Treue Begleiter und Helfer

Für Kinder spielt ein Vierbeiner in der Familie eine große Rolle zur Sozialisierung Für Kinder spielt ein Vierbeiner in der Familie eine große Rolle zur Sozialisierung
Foto: Leitner

Hunde für eine bessere Lebensqualität und als Retter in Notsituationen

Viele Hunde leben in Familien, um das Leben froher, bunter und lustiger zu gestalten. Gerade für Kinder spielt ein Vierbeiner in der Familie eine große Rolle zur Sozialisierung und lehrt Verantwortungsbewusstsein. 

So manchem Rentner ist der Hund ein treuer Begleiter und verhilft alleinstehenden Menschen dazu, sich zu bewegen, raus zu gehen in die schöne Natur. Dies natürlich nicht nur bei Sonnenschein, sondern auch bei Wind und Wetter. Hunde sind eine tolle Unterstützung, dass der Mensch fit bleibt.

Im Bereich der Unterstützung für blinde Menschen und zur Tiergestützten Therapie für traumatisierte Menschen sind Hunde als Helfer nicht weg zu denken. Die Leistung, die diese speziell ausgebildeten Hunde für ihren Menschen oder sogar für mehrere Menschen in besonderen Einrichtungen erbringen, ist großartig.

Für Notsituationen wie Lawinenunglücke oder Vermisstensuche am Berg, in Trümmerfeldern oder in der Wasserrettung braucht man ganz besondere Hunde, bzw. ganz besondere Mensch-Hund Teams mit einer Umfangreichen und sehr diffizilen Ausbildung. Hier, wie in jeder anderen Sparte der Hundeausbildung muss die Beziehung und letztendlich die Bindung vom Hund zum Hundeführer in absolutem Vordergrund stehen. Diese Basis muss sich das Team als erstes aufbauen, um überhaupt lernen zu können und später die gewünschte Leistung zu erbringen. Grundsätzlich ist es glücklicher Weise so, dass Hunden ihre „Arbeit“ nicht aufgezwungen werden muss, sondern dass sie froh sind, etwas tun zu dürfen. Das liegt in der Natur dieser Vierbeiner. Schließlich stammt der Hund vom Wolf ab, und dieser muss eine enorme Leistung erbringen, um an Futter zu kommen. Nichts desto trotz weiß man aus der Wolfsforschung bekannter Wissenschaftler, dass Wölfe nicht nur enorm leistungsfähig sind, wenn es darum geht Beute zu erlegen, sondern dass diese Tiere wahre Talente des Spiels sind, und zwar des freien, körperlichen Spiels. Sie lassen sich Hügel hinunterrollen, nur um des guten Gefühls wegen, Spaß zu haben.

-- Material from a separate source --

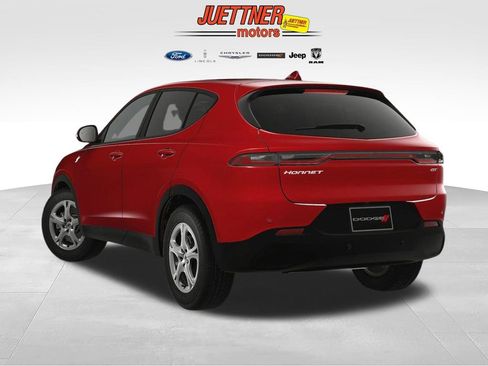 New 2024 Dodge Hornet GT w/ Cold Weather Group AWD/4WD image 4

Dieses Wissen kann man somit auf ganz natürliche Weise für die Hundeausbildung nutzen. Das Ziel sollte nicht ein Hund sein, der arbeiten muss, sondern ein Hund der spielen darf. Dann wird ein Hund erfolgreich sein, und seine Leistung jederzeit in hoher Qualität abrufen können. Jeder kennt den Unterschied zwischen arbeiten müssen und spielen (etwas Schönes tun) dürfen. Das lässt sich im Training sehr gut umsetzen, wenn man sich die Basis dafür gut aufbaut, wenn man dem Hund immer das Gefühl gibt, er muss es nicht tun, sondern er darf, und wenn er es gut macht, darf er sogar wieder und wieder. Somit wird er immer für sein Spiel, seine Arbeit belohnt. Es lässt deutlich erkennen, dass in der Herangehensweise der Ausbildung zum Suchhund und z.B. zum Agilityhund grundsätzlich kein Unterschied bestehen soll. Der Grund dafür ist, dass ein Hund immer noch ein Hund bleibt und keine Maschine wird für irgendeine Art von Sport oder den Diensteinsatz. Die Triebigkeit eines Hundes ist sozusagen Voraussetzung um erfolgreich zu sein. Nun ist dies keine große Schwierigkeit, denn das liegt einem Hund in den Genen. Es kommt nur darauf an, was der Mensch daraus macht. Wenn man darüber einmal tiefer nachdenkt, entsteht ein gewisses Handicap zwischen einem leistungsorientierten, triebigen Hund und der klassischen Unterordnung. Dabei kommt es auf die Balance und den zeitlichen Aufbau des Trainings an. Alles zu seiner Zeit und in angebrachtem Maß. Aber: Wozu sollte die Unterordnung das Ziel einer Hundeausbildung sein, wenn eine Einordnung in das Team Mensch-Hund möglich ist!